● **Data shown**
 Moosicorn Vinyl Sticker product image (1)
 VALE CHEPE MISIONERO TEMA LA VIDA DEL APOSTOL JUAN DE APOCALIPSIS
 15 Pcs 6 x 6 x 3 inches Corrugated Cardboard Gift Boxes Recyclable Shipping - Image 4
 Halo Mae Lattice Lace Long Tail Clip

==

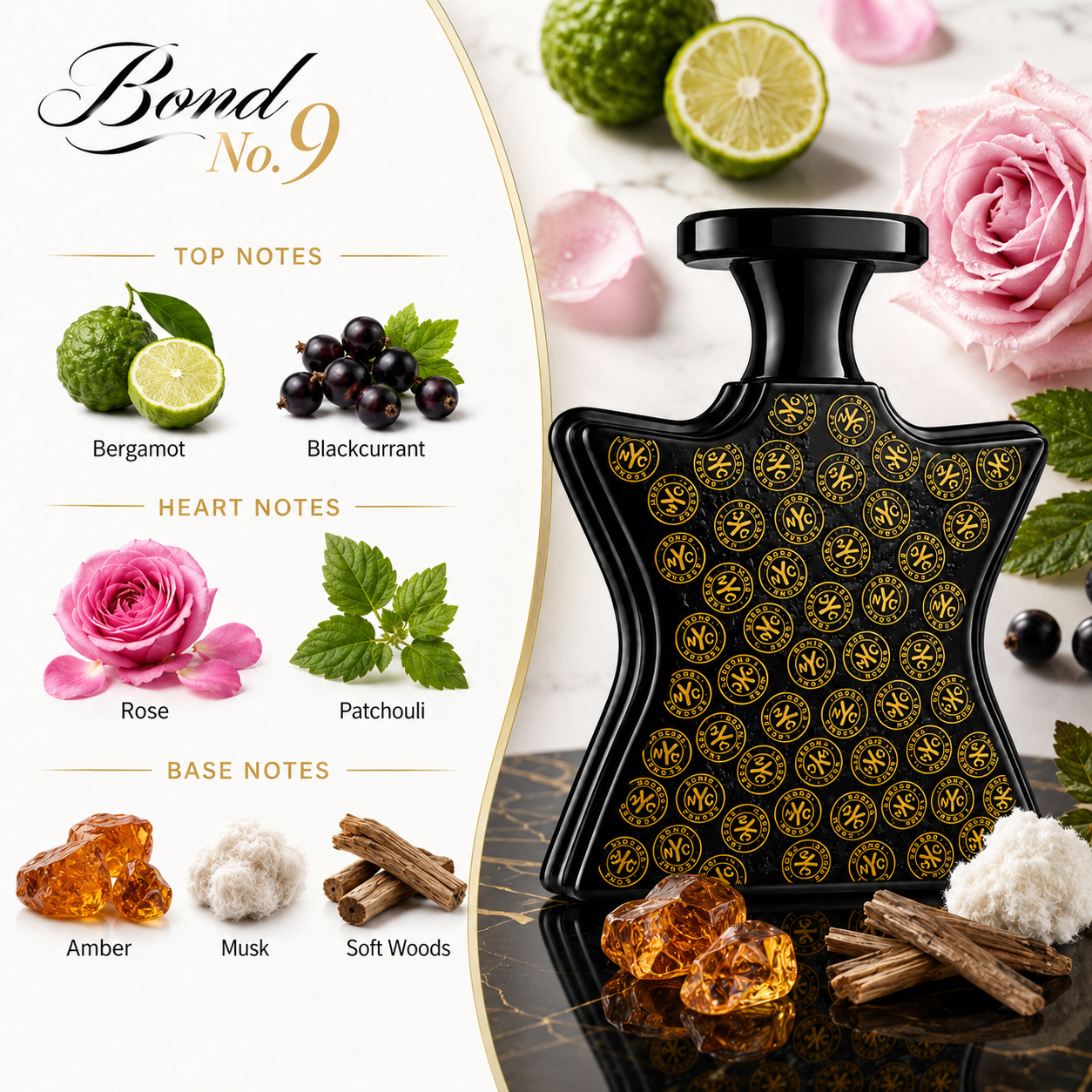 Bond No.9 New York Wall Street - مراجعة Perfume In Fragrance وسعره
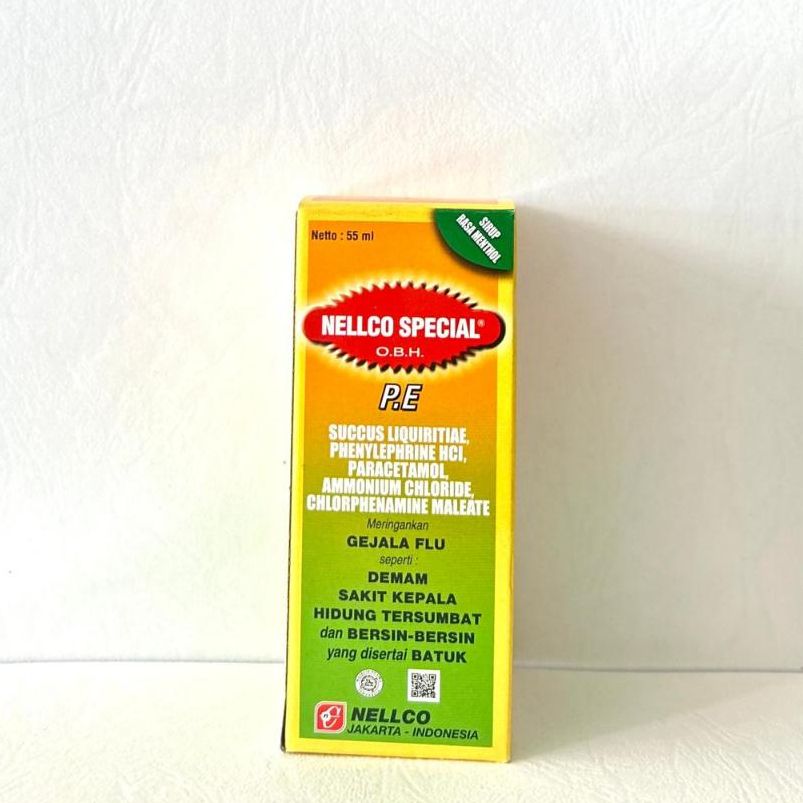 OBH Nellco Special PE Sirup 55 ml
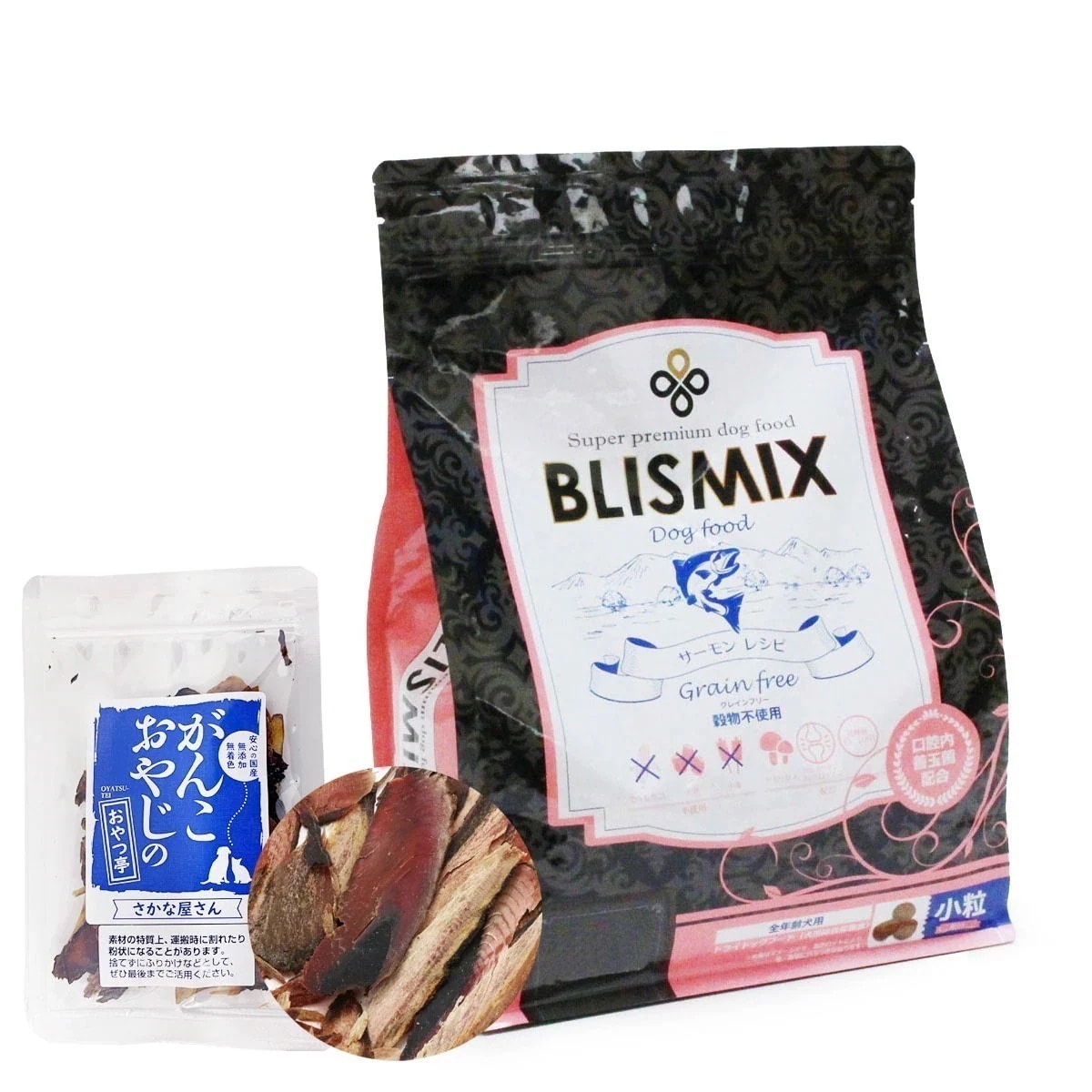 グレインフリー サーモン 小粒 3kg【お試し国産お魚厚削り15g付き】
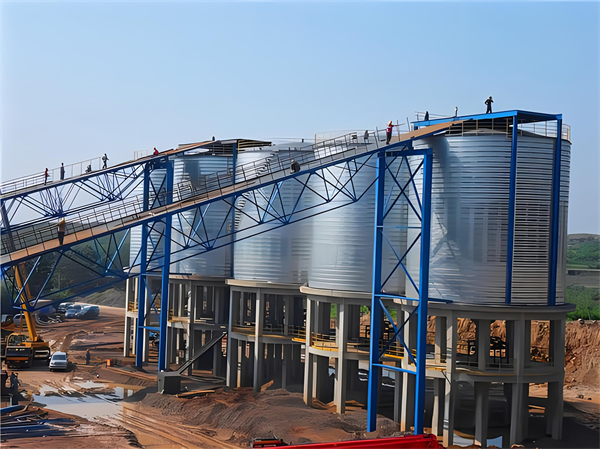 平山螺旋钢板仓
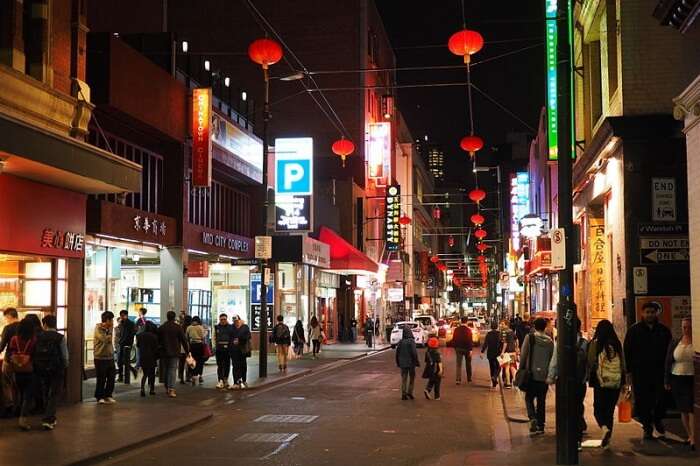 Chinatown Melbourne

● **Task details**
Taking the entries above, write out exactly the lines starting with the line containing "Moosicorn Vinyl Sticker product image (1)" and going on through the line containing "Halo Mae Lattice Lace Long Tail Clip", both included, and nothing else.

● **Task output**
 Moosicorn Vinyl Sticker product image (1)
 VALE CHEPE MISIONERO TEMA LA VIDA DEL APOSTOL JUAN DE APOCALIPSIS
 15 Pcs 6 x 6 x 3 inches Corrugated Cardboard Gift Boxes Recyclable Shipping - Image 4
 Halo Mae Lattice Lace Long Tail Clip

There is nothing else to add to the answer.